======== Records for this task

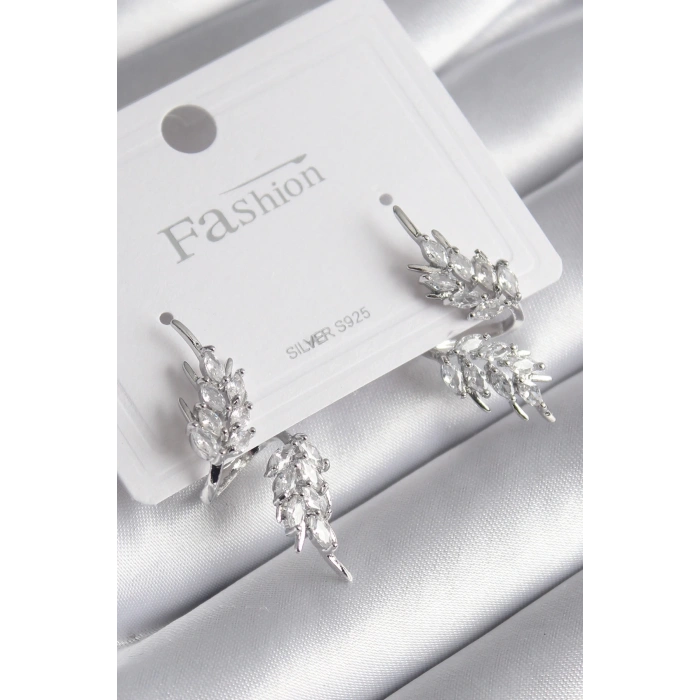 BFS Pirinç Gümüş Renk Zirkon Taşlı Yaprak Model Kadın Küpe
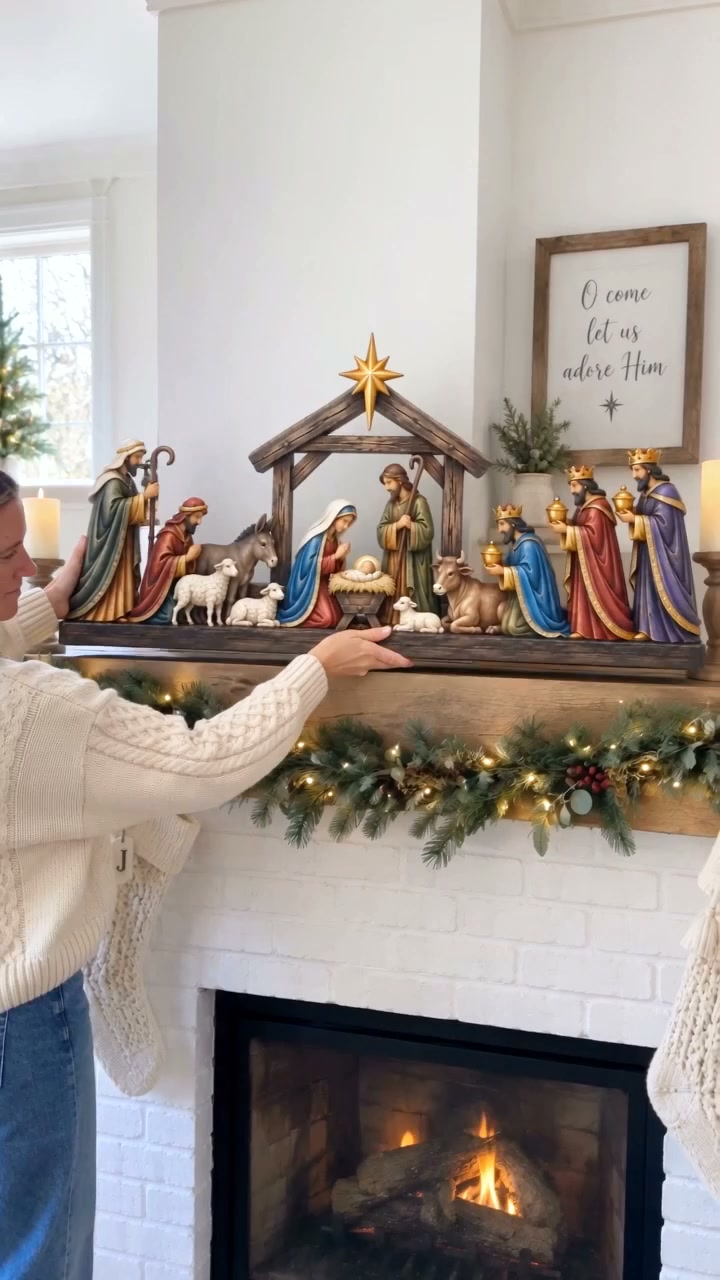 Turn Your Doorway Into a Beautiful Nativity Scene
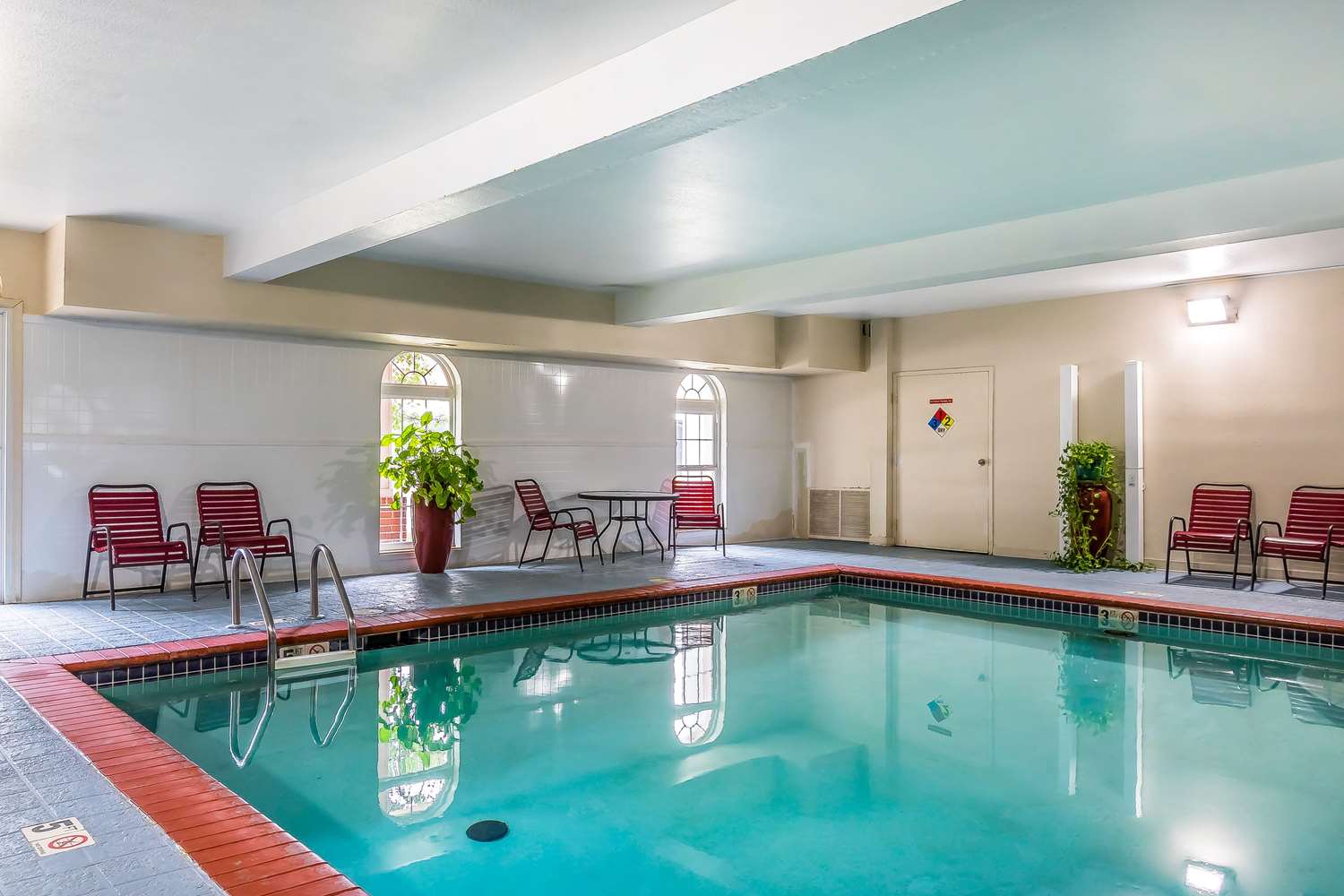 Quality Inn and Suites Chesterfield Village 7/16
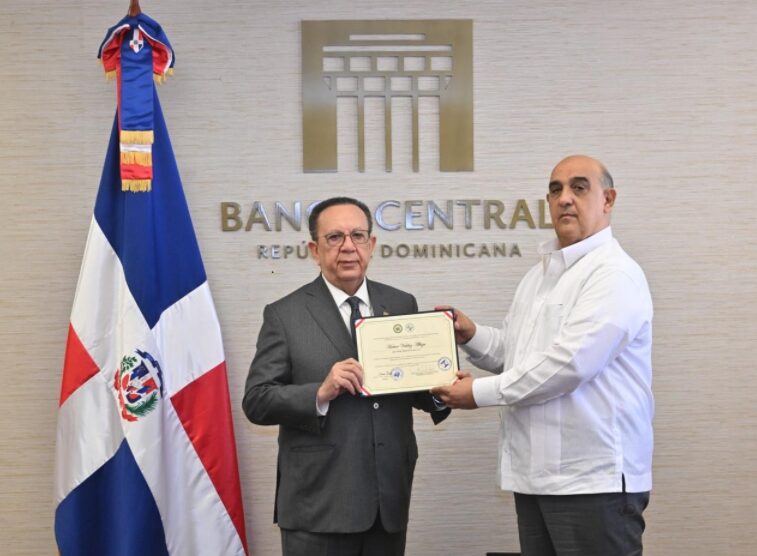 El Gobernador del Banco Central, Héctor Valdez Albizu recibe reconocimiento del CODECO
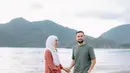 Tak hanya itu saja, Shireen Sungkar dan Teuku Wisnu terlihat menghabiskan waktu di Pantai Lampuuk. Keduanya juga tampak menjalani pemotretan bersama di pantai berpasir putih tersebut. (Liputan6.com/IG/@shireensungkar)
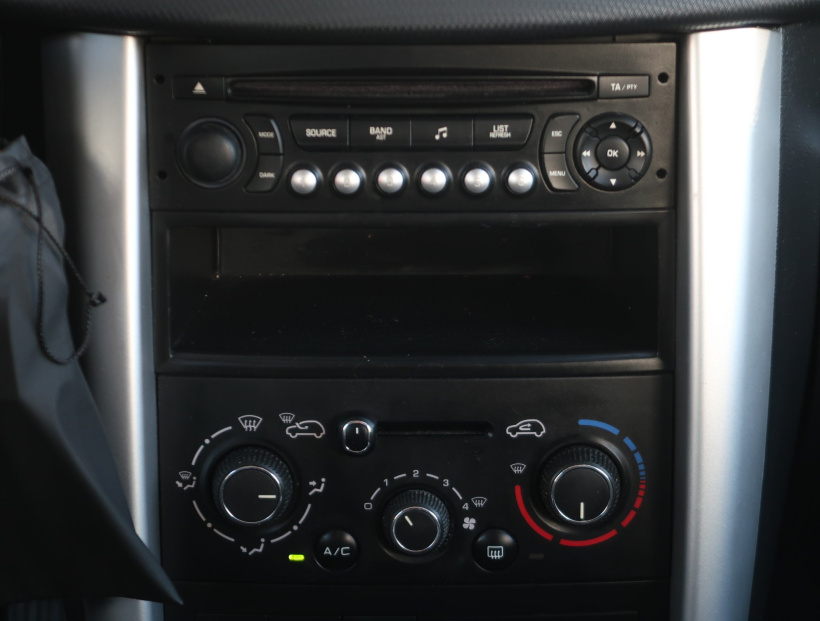 Peugeot 207, 2011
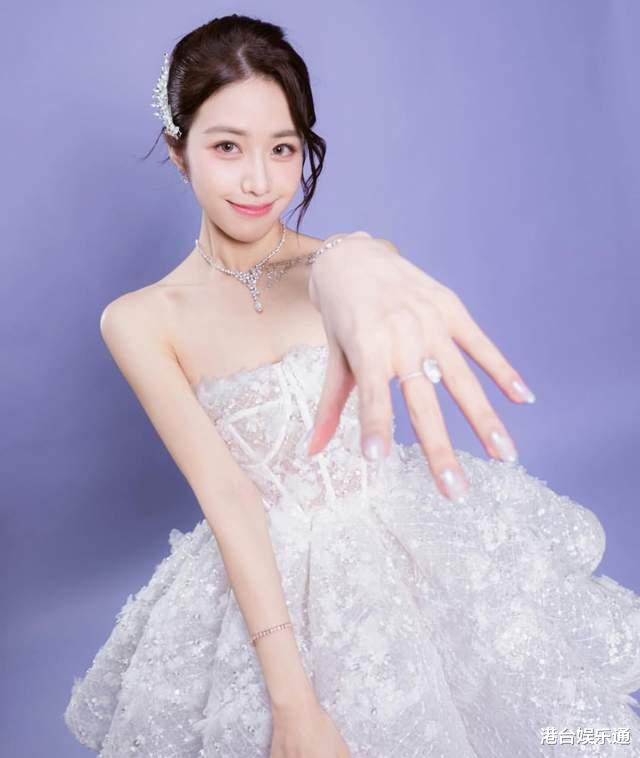 TVB小花庄子璇回应“样貌再进化”质疑：没整容，只是拍照会P图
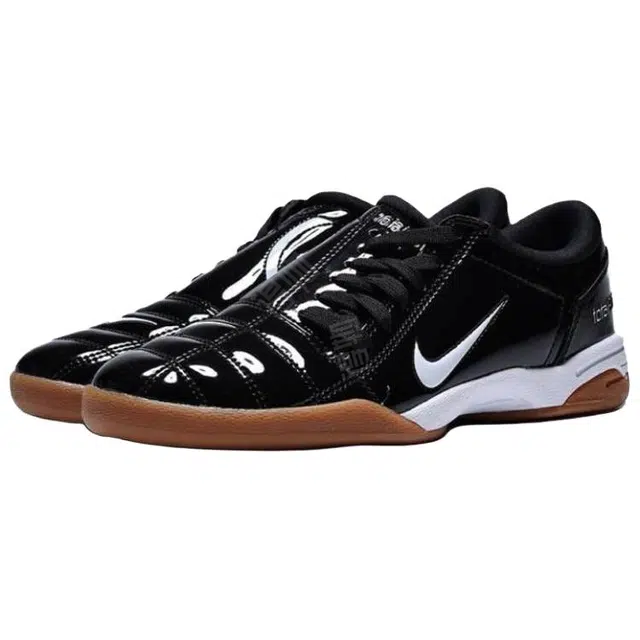 Nike T90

================

**Task prompt**
Set down every record once more, word for word, without pictures.

**Response to this exercise**
 BFS Pirinç Gümüş Renk Zirkon Taşlı Yaprak Model Kadın Küpe
 Turn Your Doorway Into a Beautiful Nativity Scene
 Quality Inn and Suites Chesterfield Village 7/16
 El Gobernador del Banco Central, Héctor Valdez Albizu recibe reconocimiento del CODECO
 Tak hanya itu saja, Shireen Sungkar dan Teuku Wisnu terlihat menghabiskan waktu di Pantai Lampuuk. Keduanya juga tampak menjalani pemotretan bersama di pantai berpasir putih tersebut. (Liputan6.com/IG/@shireensungkar)
 Peugeot 207, 2011
 TVB小花庄子璇回应“样貌再进化”质疑：没整容，只是拍照会P图
 Nike T90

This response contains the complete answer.